En ese escenario ficcional, no caben los soñadores. Tampoco en la realidad real. “Los ocho periodistas emprendían esta nueva etapa, sin la menor alarma, ignorantes del riesgo que corrían, y confiados en que su condición de periodistas los protegería en el caso de cualquier emergencia” (Vargas, 2003). Sin embargo, estos periodistas no eran simples turistas que querían fotografiar ponchos y chullos, o a las vicuñas, sino que pretendían hacer reportajes sobre la miseria y la pobreza, factor importante en el desarrollo de la violencia política, además sobre diversos asesinatos que venían haciendo principalmente los agentes del Estado, situación que los convertía en un peligro para estos, dado que los comunicados oficiales decían que se estaba matando en combate a senderistas, y no que se estaban matando inocentes. Por eso, al parecer, esos periodistas fueron asesinados, bajo la dirección de los agentes del Estado, sin embargo, la comisión Vargas Llosa responsabilizó de esta masacre solo a los campesinos.
Según esta comisión, los campesinos confundieron cámaras fotográficas con armas y creyeron que estos eran senderistas. Ese es una forma de decir que los uchuraccaínos son bárbaros, tontos, retrógradas que pueden confundir una cámara fotográfica con armas.
Los periodistas habrían sido asesinados por considerarlos enemigos del Estado. Y con esa guerra de frases de si estás con nosotros o con el enemigo, los uchuraccaínos habrían obligados a asesinar a los periodistas, de lo contrario también serían considerados enemigos, luego bombardeados. “La norma fundamental es no tolerar la neutralidad. Si una comunidad no quiere ser arrasada, tiene que demostrar su lealtad y eso significa armarse y atrapar senderistas. No basta autoproclamarse: hay que ofrecer pruebas” (Flores, 1988: 397). La prueba: ocho periodistas y sus dos guías.
Para Vargas Llosa y compañía los uchuraccaínos son retrógrados. Ese es una idea que ya tienen antes de ir al lugar de los hechos. Por ello no es necesario permanecer mucho tiempo en Uchuraccay. Fue solo puro formalismo el viaje. Luego resulta que “sin profundizar en el asunto, la imagen que se hizo de los comuneros fue la de los habitantes de un mundo arcaica” (Hosoya, 2003: 37). Visión que podemos observar en Lituma en los Andes.
La visión que él tiene de lo andino hace que plantee que los uchuraccaínos confundan cámaras fotográficas con fusiles automáticos. Y para sustentar su tesis escribe en su informe:

Por las características de las heridas sufridas y la manera cómo estas fueron enterradas… pudo encerrar matices mágico-religiosos. Los ocho cadáveres fueron enterradas boca abajo, forma que, en la mayor parte de las comunidades andinas, se sepulta tradicionalmente a quienes los comuneros consideran ‘diablos’ o seres que en vida ‘hicieron pacto’ con el espíritu del mal. Además, presentan huellas de haber sido maltratados en la boca y en los ojos…creencia extendida en el mundo andino…  para que no pueda reconocer a sus victimarios y para que no pueda hablar y delatarlos (Vargas, 1983).

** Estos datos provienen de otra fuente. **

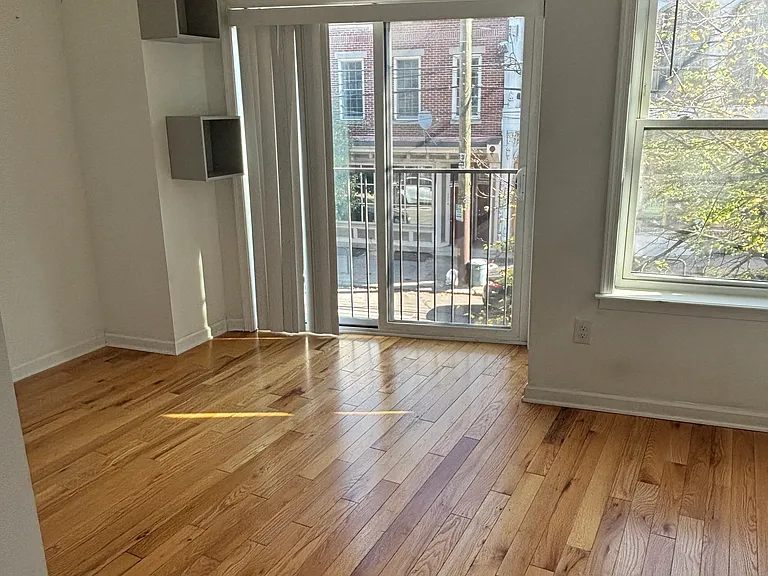 620 N 2nd St #2 — Photo 6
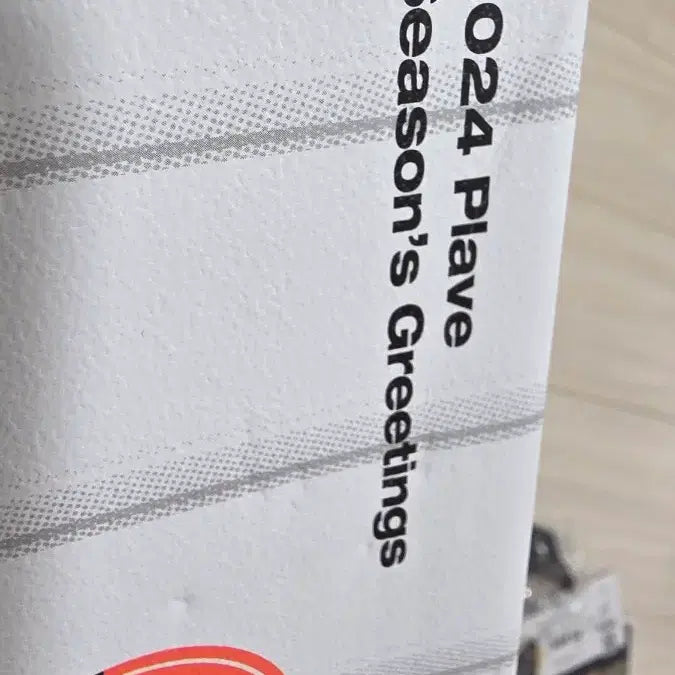 2024 플레이브 시즌그리팅 (포카, 짐색 없음)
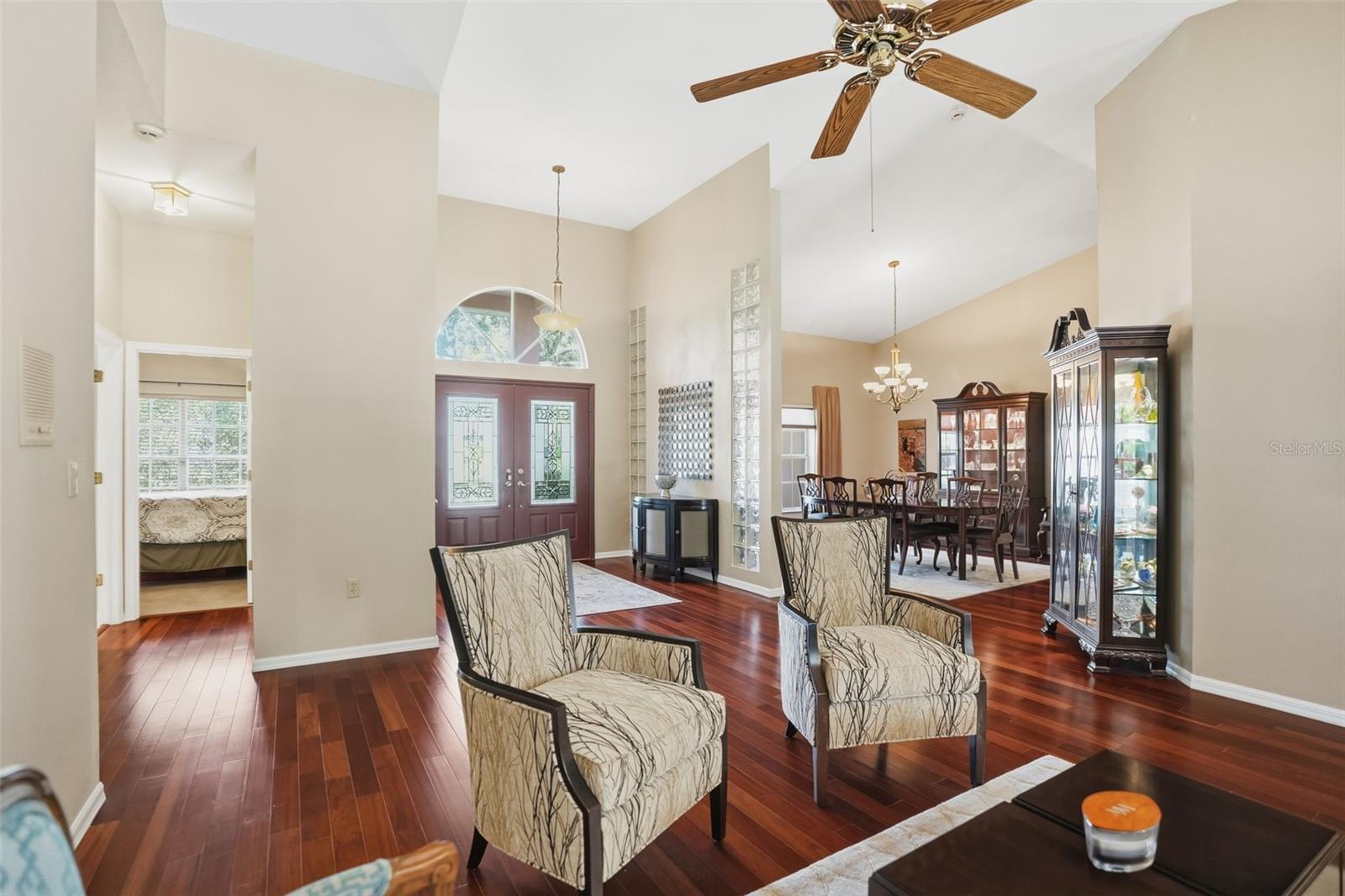 7336 ROYAL OAK DR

Lo mismo sucede en la novela. Resulta que en Naccos se creía que se avecinaba malos tiempos, casi un apocalipsis. Lo cual tiene preocupado a los pobladores. “Los malignos saldrán de las montañas a celebrarlo bailando un cacharpari de despedida a la vida y habrá tantos cóndores revoloteando que quedará el cielo tapado. A menos que…” (273). Eso de “a menos que” no es otra cosa que realizar un sacrificio humano a los apus para que en ese pueblo haya prosperidad, en vez de calamidad. No solo sacrificio de vida humana, sino también canibalismo. “El gusto en la boca. No se va, por más que uno se la enjuague. Ahorita lo estoy sintiendo” (310). Sin embargo, este sacrificio humano no tiene los efectos esperados, porque finalmente “Se vino el huayco, se paró la carretera y nos despidieron. A pesar de las cosas horribles, estamos peor que antes” (302).
Son seres arcaicos que actúan a espaldas de la modernidad. Los sujetos civilizados no se involucran en esos actos bárbaros. No es su carácter. En el caso Uchuraccay, ni militares ni policías estuvieron involucrados. En la novela, Lituma tampoco se involucra, solo es un curioso que observa y a través de él nosotros los lectores podemos ver cómo esos bárbaros practican el canibalismo, como una costumbre para evitar algunos males contra la comunidad.
            Pero ¿dónde están los verdaderos responsables de las muertes? Solo tres uchuraccaínos fueron sentenciados por el caso Uchuraccay. Vargas Llosa los absuelve con su Informe. En la novela también.
Así, el guardia Carreño, quien tenía antecedente de asesinato, es reincorporado a la policía, a pesar de que “Yo era, técnicamente, un desertor de la Guardia Civil” (253). Y como premio a su condición de criollo Vargas Llosa le regala un final feliz, como en las telenovelas de amor. Mercedes, la chica de la que se pasa hablando en toda su estadía en Naccos, llega al pueblo en su busca. “Es tu día Tomasito. Hoy te sacaste la lotería, hoy cambió tu suerte” (293).
Lo mismo sucede con quienes asesinaron a tres comuneros, en un rito de canibalismo. Estos también son absueltos, porque “no me lo creería nadie, empezando por mis jefes… ¿Quién va a creer en sacrificios humanos en este tiempo, no es cierto?” (268).
Todo esto se asemeja a cuando “La Comisión Investigadora tiene la ‘convicción absoluta’ de que los ‘sinchis’ no han instigado sistemáticamente el asesinato como medida de represalia o de defensa” (Vargas, 1983). Y aún hasta hoy los verdaderos responsables del asesinato andan sueltos, porque la comisión presidida por MVLl tenía “una función encubridora” (Flores, 1988: 400).
El informe Vargas Llosa fue considerado una verdad absoluta por el discurso oficial. El Estado le dio todo su apoyo porque era lo que más le convenía. Finalmente, los uchuraccaínos llevaron la peor parte de todo ese asunto. Los senderistas una y otra vez los atacaron. Los agentes del Estado también, con el objetivo de desaparecerlos, así no dejar testigos de lo que realmente sucedió con los periodistas.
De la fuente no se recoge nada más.